Monday, April 19, 2010

Rock & Rule

There's an old animated film from the 80's that I saw as a kid called Rock & Rule. The movie is rated PG and thus aimed at a slighty older audience rather than the usual 'kids' demographic that animation gets pigeon holed in. It's really good but very little people have seen it let alone heard of it. I used to dig out all sorts of old animated films from the local video store as a kid and found some real gemstones. A lot of reviewers have shit-canned this movie and even its original theatrical release did not do so well but there is some sort of charm about it that always stuck with me.

Rock & Rule, despite being made in the early 80's had a very small amount of computer animation in it and was used to generate the images such as the "Armageddon Key". Computer animation was in its extremely early stages in the 80's, so even been used for very short sequences it's pretty impressive that it was used at all.

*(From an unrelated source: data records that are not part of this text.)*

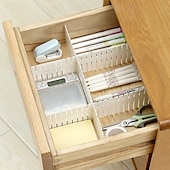 cheap Clothes Drawer Organizers-12pcs Adjustable Drawer Organizer Dividers, Plastic Drawer Separator Inserts, DIY Customizable Drawer Storage Bins for Socks, Underwear, Accessories, Closet and Office Organization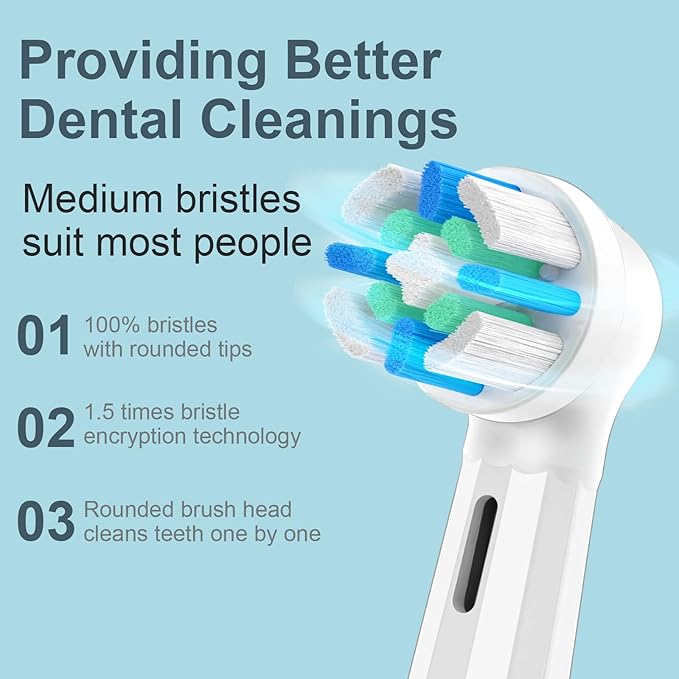 8 PCS Replacement Heads Compatible with Oral B IO 2/3/4/5/6/7/8/9/10/Deep Clean Series Electric Toothbrush, Medium Softness Brush Heads Compatible with Oral B IO for Teeth and Gums Care (White)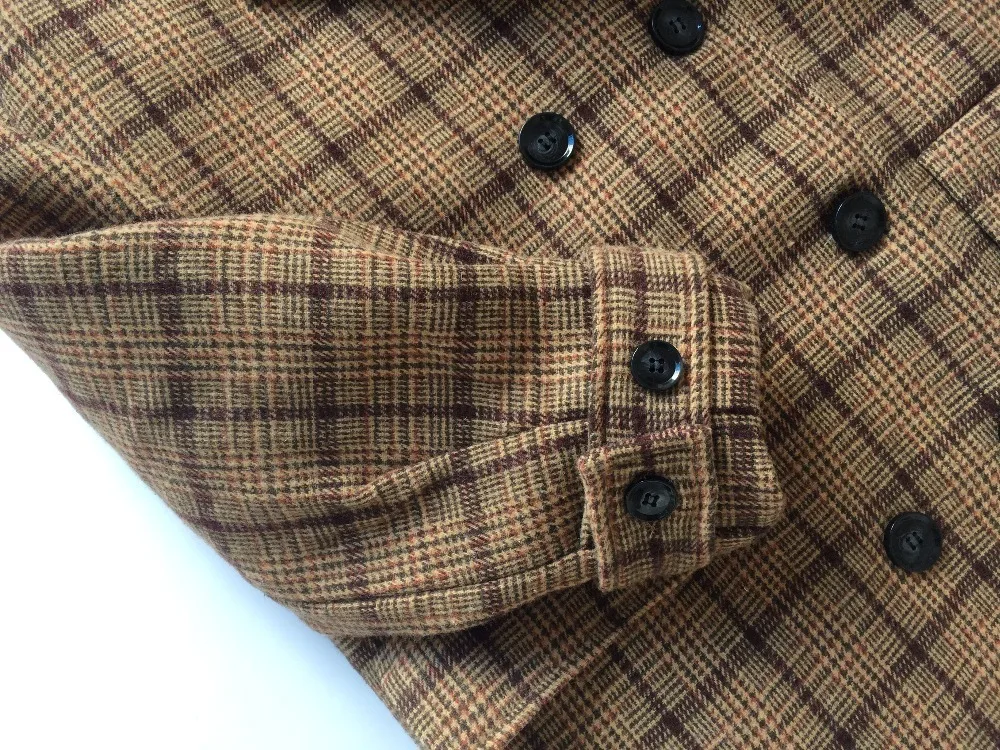 Vintage Plaids Clothes Loose Woollen Coat Women's New Checked Coat Baggy Silhouette Overcoat Tweeds Winter female Outerwear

On the DVD the director explains how many of the scenes were made with various techniques. I've always been fascinated with animation and I still get surprised when I find out how things are made with a combination of techniques. There's no one definitive rule with what medium is used to create the film. Even real world objects such as scale models & lights, rather than hand drawn images are sometimes used to create a scene. For example, the cityscapes at night with cars travelling were actually models.

The music in the film is written especially for it and performed by well known 80's names such as Debbie Harry, Lou Reed, Cheap Trick and Earth Wind & Fire. To make the performances of the bands in the movie and the dancing sequences look convincing, real live actors were recorded as a reference for the animators. Often I have the illusion that professionals know everything and don't need references, so it is encouraging to hear that techniques like this are not taboo.

http://en.wikipedia.org/wiki/Rock_&_Rule
http://animatedviews.com/2005/rock-rule-2-disc-collector%E2%80%99s-edition/

Voice actor comparisons for Omar. Omar's original voice actor was replaced for the U.S release of the film. The version I have seen is with the 2nd voice actor, Paul De Mat. After watching this short comparison clip on youtube, I still prefer the version I have seen.